For the record, I am interested in showing that the span of the elements $v_n$ is a closed subspace, but as I wasn't quite sure how to work with the potentially ever changing linear combinations (as we might have uncountably many basis vectors), I opted to have a bottom-up approach by 1.) the said direct sum is a closed vector subspace and 2.) showing that the span of all $v_n$s is equal to the said direct sum.
In fact, $S$ is never a closed subspace when $J$ is infinite.
WLOG, suppose $\Bbb N\subseteq J$. Let $\alpha_n=\sum_{i=1}^n\frac{v_i}i$ for $n\in\Bbb N$. For $m\gt n\ge1$, $$||\alpha_m-\alpha_n||=||\sum_{i={n+1}}^m\frac{v_n}i||=\left(\sum_{i={n+1}}^m\frac1{i^2}\right)^\frac12<(\frac1{n})^\frac12,$$ where $$\sum_{i={n+1}}^m\frac1{i^2}<\sum_{i={n+1}}^m\frac1{(i-1)i}=\sum_{i={n+1}}^m(\frac1{i-1}-\frac1{i})=\frac1n-\frac1m<\frac1n.$$ Hence $\{\alpha_n\}_n$ is a cauchy sequence, which converges to an element in $H$. Let it be $\alpha$.
For the sake of contradiction, suppose $\alpha\in S$, i.e., $\alpha=\sum_{i\in J_\alpha}\beta_i$, where $J_\alpha$ is some finite index set, $\beta_i\in \mathrm{span}(v_i)$. Since $\Bbb N$ is infinite, there exists $n_0\in\Bbb N$ such that $n_0\not \in J_\alpha$.

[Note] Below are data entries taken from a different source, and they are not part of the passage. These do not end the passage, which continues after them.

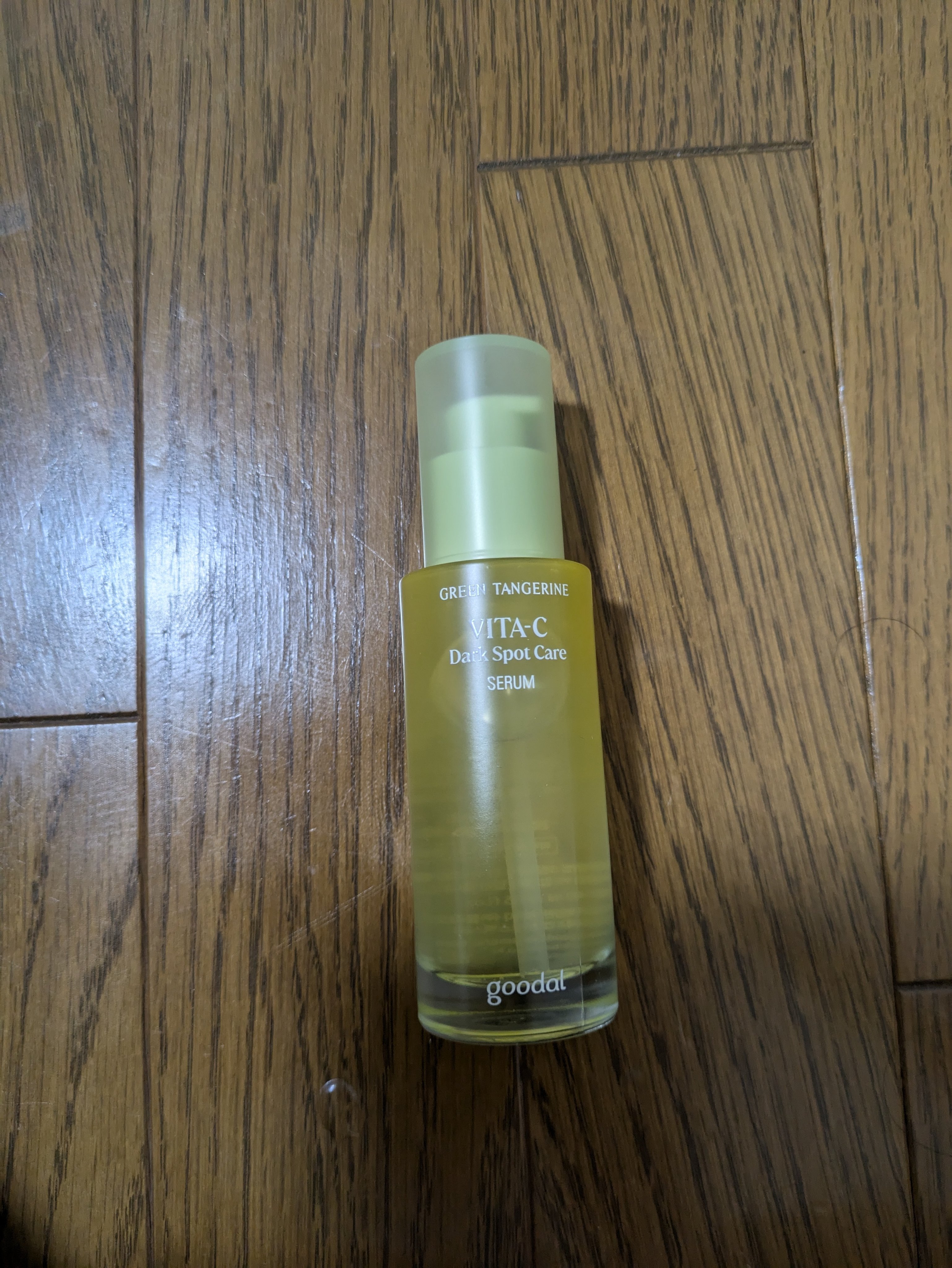グリーンタンジェリン ビタC ダークスポットケアセラム/goodal/美容液を使ったクチコミ（2枚目）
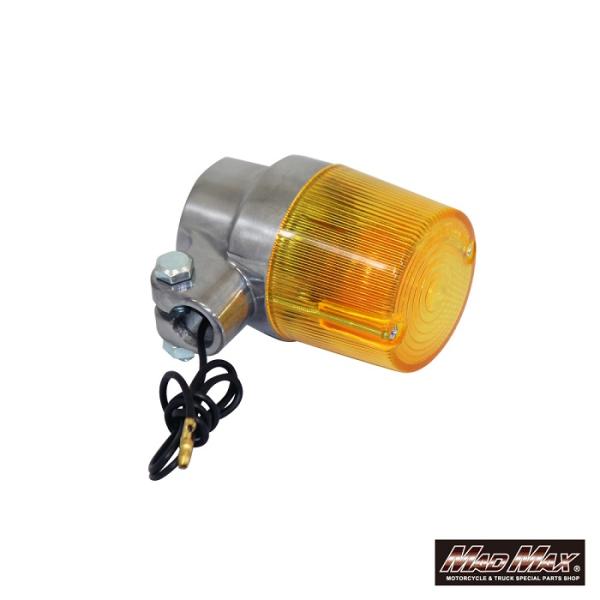 MAD MAX 汎用 丸型 ヨーロピアンウインカー イエロー 1個 (20-1390PLLYE)  ...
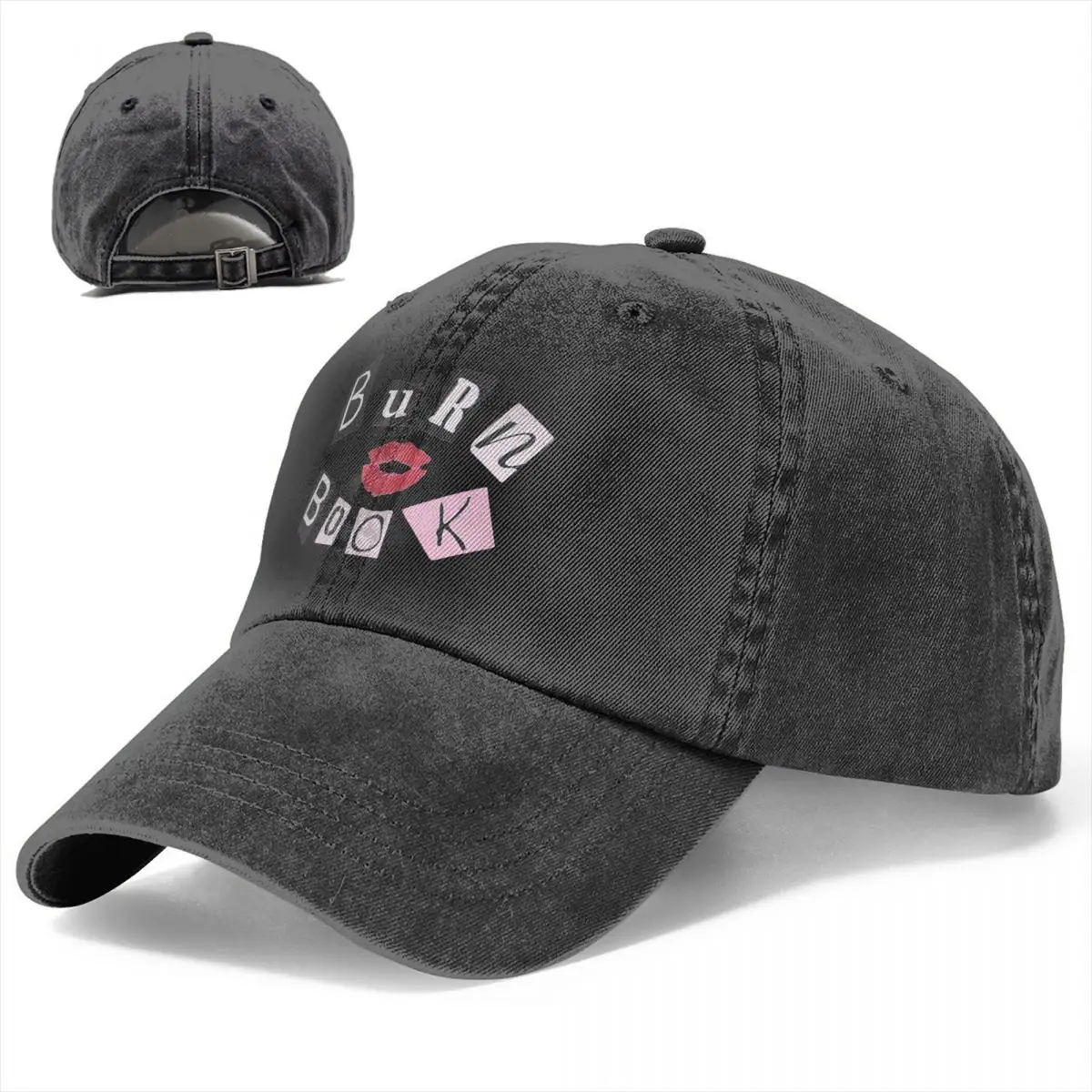 Vintage Burn Book Baseball Cap Unisex Style Distressed Cotton Headwear Pink Movie Outdoor Summer Caps Hat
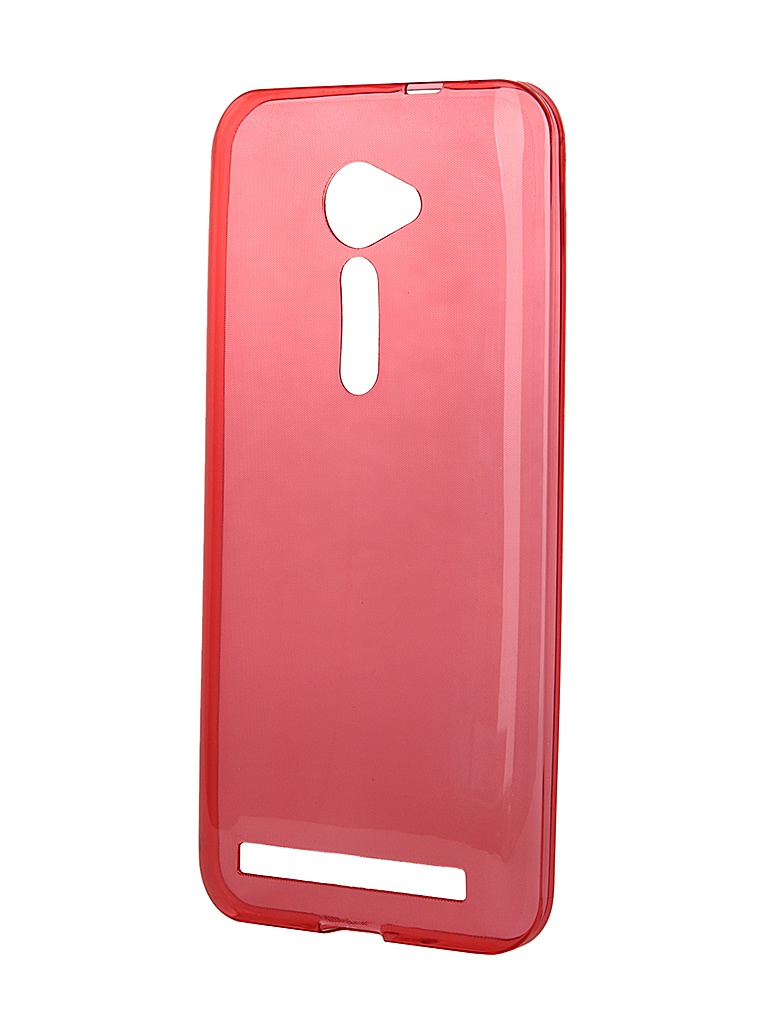Ibox Аксессуар Чехол-накладка ASUS Zenfone 2 ZE500CL iBox Crystal Red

$$\langle \alpha, v_{n_0}\rangle = \langle\lim_{n\to\infty}\alpha_n, v_{n_0}\rangle=\lim_{n\to\infty}\langle\alpha_n, v_{n_0}\rangle=\lim_{n\to\infty}\frac1{n_0}=\frac1{n_0}.$$ On the other hand, $$\langle \alpha, v_{n_0}\rangle = \langle\sum_{i\in J_\alpha}\beta_i, v_{n_0}\rangle=\sum_{i\in J_\alpha}\langle\beta_i, v_{n_0}\rangle=\sum_{i\in J_\alpha}0=0.$$ This contradiction means $\alpha\not\in S$.